### The input

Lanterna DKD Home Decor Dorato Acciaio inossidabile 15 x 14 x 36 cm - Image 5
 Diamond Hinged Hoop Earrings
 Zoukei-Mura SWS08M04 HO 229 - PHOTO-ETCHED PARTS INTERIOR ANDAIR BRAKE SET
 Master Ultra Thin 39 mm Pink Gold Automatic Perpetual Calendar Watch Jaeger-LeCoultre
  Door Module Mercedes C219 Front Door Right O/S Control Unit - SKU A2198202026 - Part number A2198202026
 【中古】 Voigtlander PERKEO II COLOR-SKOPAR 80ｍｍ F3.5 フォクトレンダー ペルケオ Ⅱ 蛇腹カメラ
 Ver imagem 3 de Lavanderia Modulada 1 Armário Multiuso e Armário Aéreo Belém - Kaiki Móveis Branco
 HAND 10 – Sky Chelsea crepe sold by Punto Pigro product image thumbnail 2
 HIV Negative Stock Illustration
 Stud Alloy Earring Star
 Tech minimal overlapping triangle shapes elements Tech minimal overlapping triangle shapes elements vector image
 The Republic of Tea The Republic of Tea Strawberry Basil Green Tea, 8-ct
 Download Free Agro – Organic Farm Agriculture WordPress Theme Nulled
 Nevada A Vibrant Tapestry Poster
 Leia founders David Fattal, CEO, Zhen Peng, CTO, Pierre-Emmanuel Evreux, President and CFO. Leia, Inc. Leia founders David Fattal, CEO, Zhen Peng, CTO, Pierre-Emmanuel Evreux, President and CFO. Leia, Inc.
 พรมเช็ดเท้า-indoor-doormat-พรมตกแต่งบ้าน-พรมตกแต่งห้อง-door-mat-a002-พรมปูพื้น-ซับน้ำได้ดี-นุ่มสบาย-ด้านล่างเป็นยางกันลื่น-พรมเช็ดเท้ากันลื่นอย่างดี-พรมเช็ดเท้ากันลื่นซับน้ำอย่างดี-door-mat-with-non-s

######

_Work order_
The line containing "Diamond Hinged Hoop Earrings" opens the range, and the last line of the entries closes it; copy that range exactly.

_Response box_
 Diamond Hinged Hoop Earrings
 Zoukei-Mura SWS08M04 HO 229 - PHOTO-ETCHED PARTS INTERIOR ANDAIR BRAKE SET
 Master Ultra Thin 39 mm Pink Gold Automatic Perpetual Calendar Watch Jaeger-LeCoultre
  Door Module Mercedes C219 Front Door Right O/S Control Unit - SKU A2198202026 - Part number A2198202026
 【中古】 Voigtlander PERKEO II COLOR-SKOPAR 80ｍｍ F3.5 フォクトレンダー ペルケオ Ⅱ 蛇腹カメラ
 Ver imagem 3 de Lavanderia Modulada 1 Armário Multiuso e Armário Aéreo Belém - Kaiki Móveis Branco
 HAND 10 – Sky Chelsea crepe sold by Punto Pigro product image thumbnail 2
 HIV Negative Stock Illustration
 Stud Alloy Earring Star
 Tech minimal overlapping triangle shapes elements Tech minimal overlapping triangle shapes elements vector image
 The Republic of Tea The Republic of Tea Strawberry Basil Green Tea, 8-ct
 Download Free Agro – Organic Farm Agriculture WordPress Theme Nulled
 Nevada A Vibrant Tapestry Poster
 Leia founders David Fattal, CEO, Zhen Peng, CTO, Pierre-Emmanuel Evreux, President and CFO. Leia, Inc. Leia founders David Fattal, CEO, Zhen Peng, CTO, Pierre-Emmanuel Evreux, President and CFO. Leia, Inc.
 พรมเช็ดเท้า-indoor-doormat-พรมตกแต่งบ้าน-พรมตกแต่งห้อง-door-mat-a002-พรมปูพื้น-ซับน้ำได้ดี-นุ่มสบาย-ด้านล่างเป็นยางกันลื่น-พรมเช็ดเท้ากันลื่นอย่างดี-พรมเช็ดเท้ากันลื่นซับน้ำอย่างดี-door-mat-with-non-s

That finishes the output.